[Start of section]

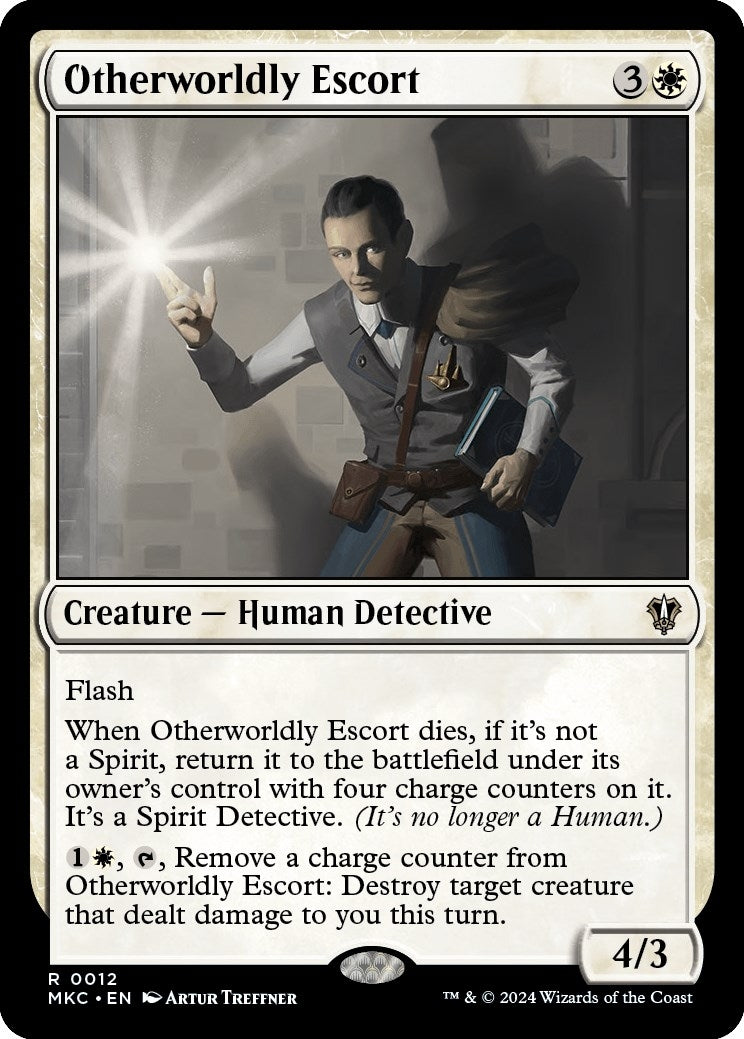 Otherworldly Escort (12) (Commander: Murders at Karlov Manor)
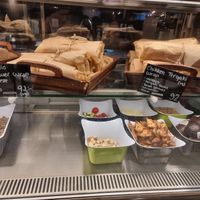 Wraps 2 at Kafé Plattan in Stockholm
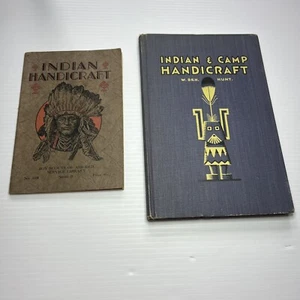Service Library Indian Handicraft & Indian & Camp Handicraft Paperbacks LB-174 - Picture 1 of 10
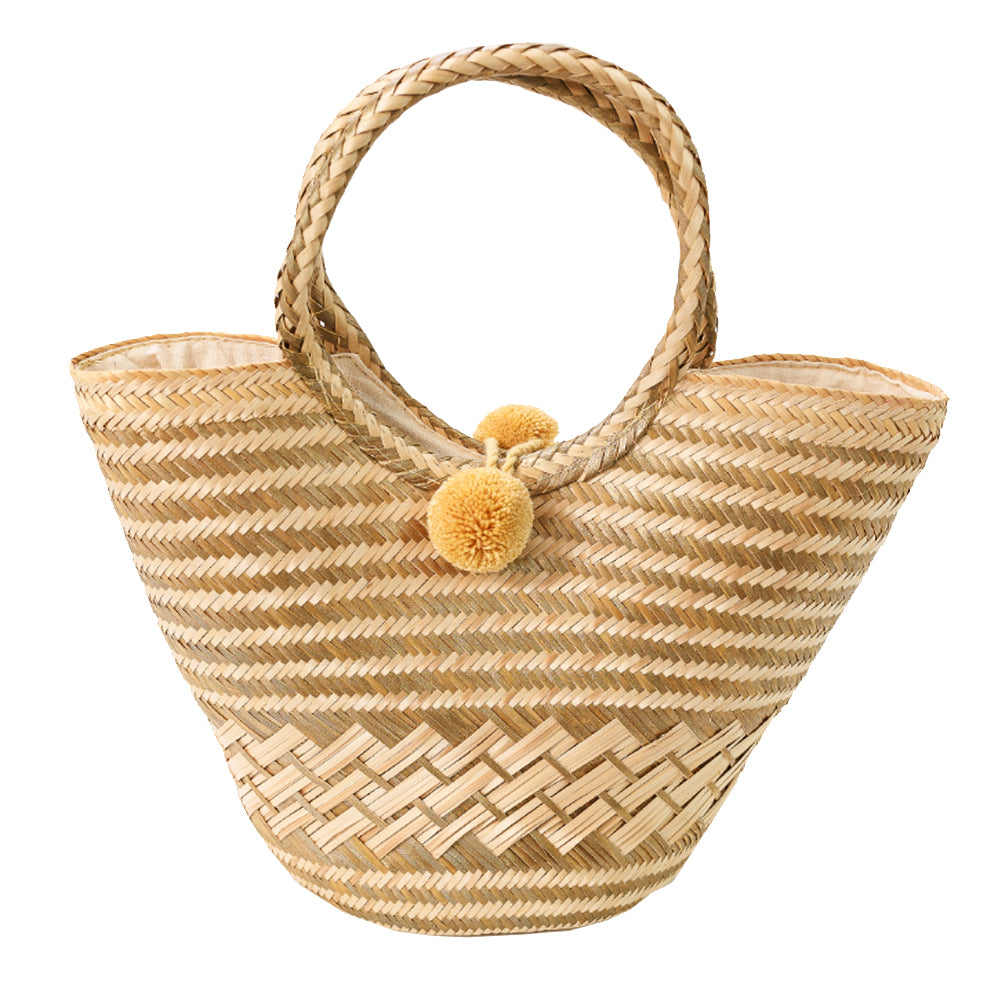 Hand tote Gold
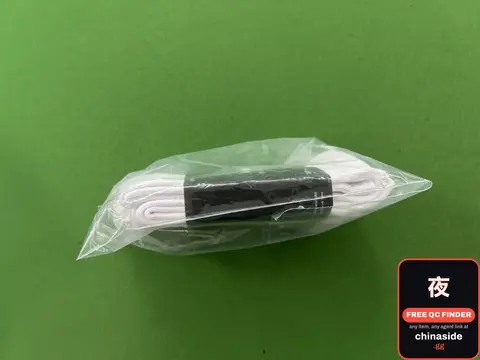 White Earphone Cable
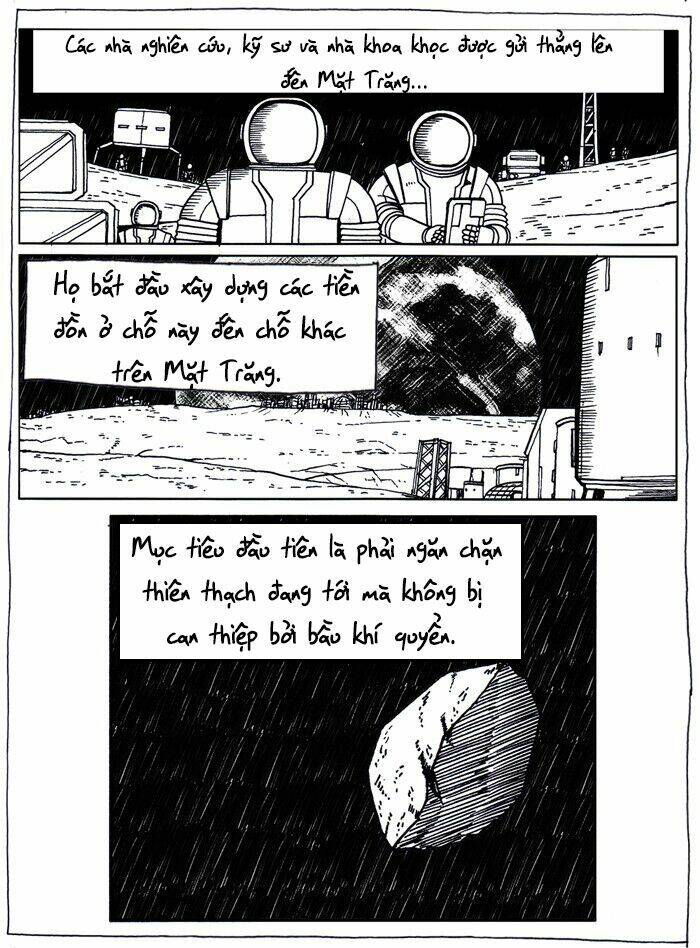 Mắc Kẹt Trên Mặt Trăng: Chapter 9
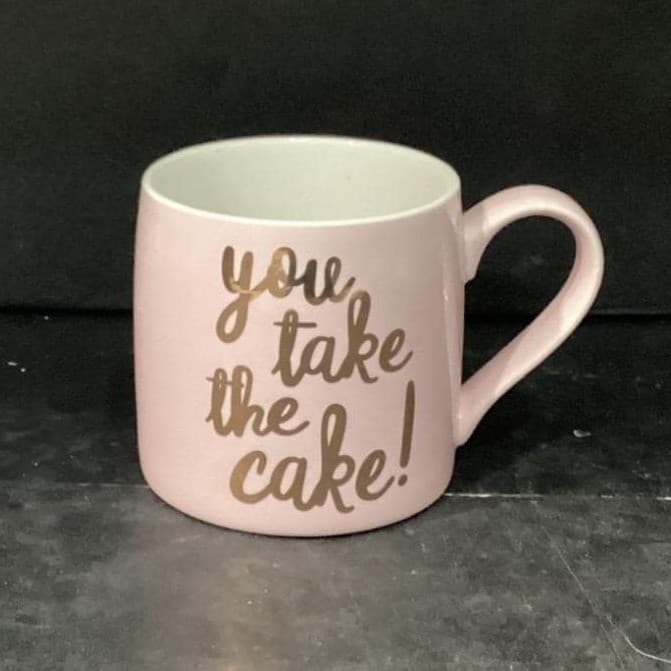 Slant Collection "You Take The Cake" Jumbo Coffee Cup, Replacement Drinkware - Thumbnail 2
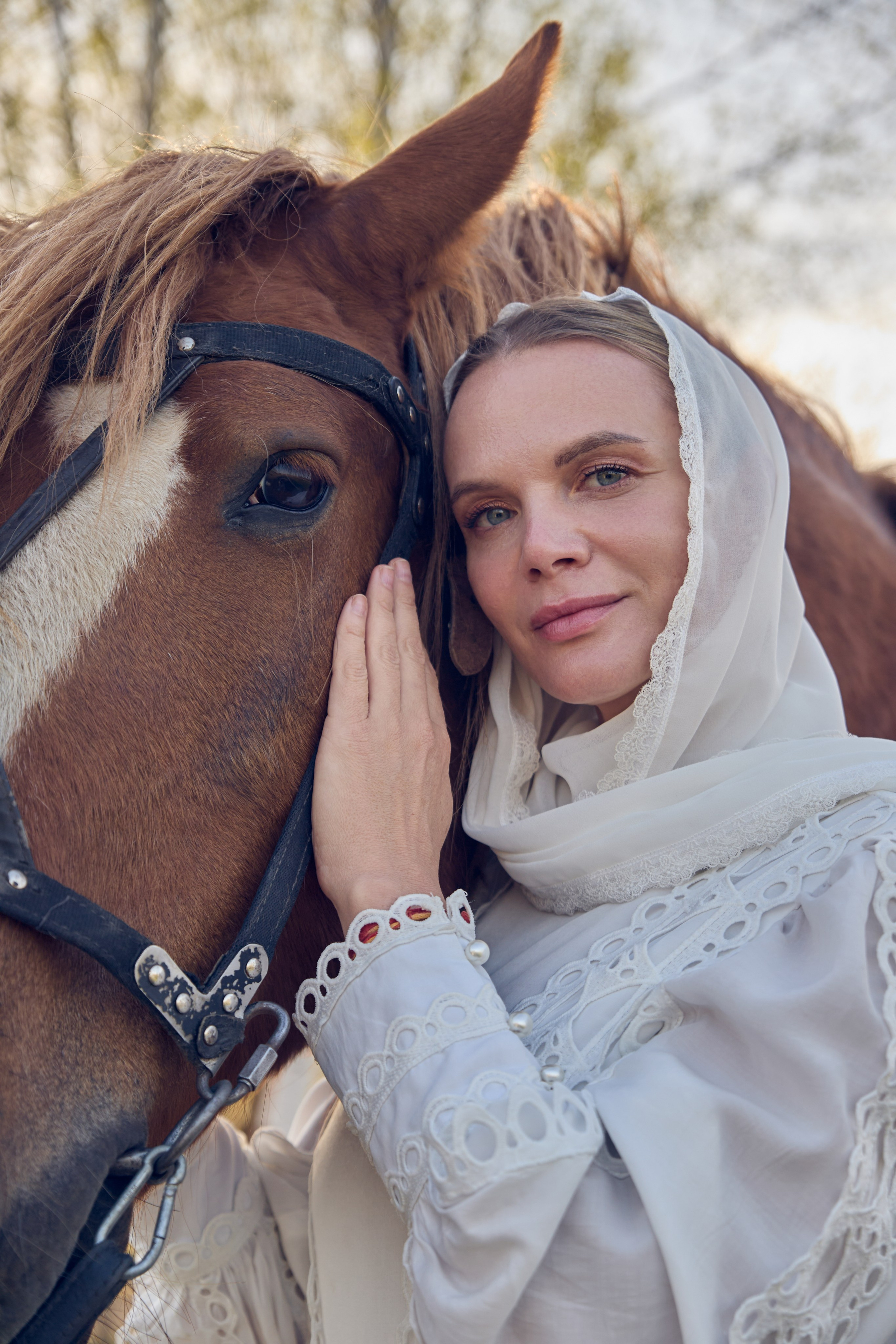 Семейная поездка по источникам. Фотограф в Дивеево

[End of section]

-- Problem --
Please repeat, exactly and with nothing else, the lines from the one containing "White Earphone Cable" to the last line of the entries, both included, excluding any pictures.

-- Your solution --
 White Earphone Cable
 Mắc Kẹt Trên Mặt Trăng: Chapter 9
 Slant Collection "You Take The Cake" Jumbo Coffee Cup, Replacement Drinkware - Thumbnail 2
 Семейная поездка по источникам. Фотограф в Дивеево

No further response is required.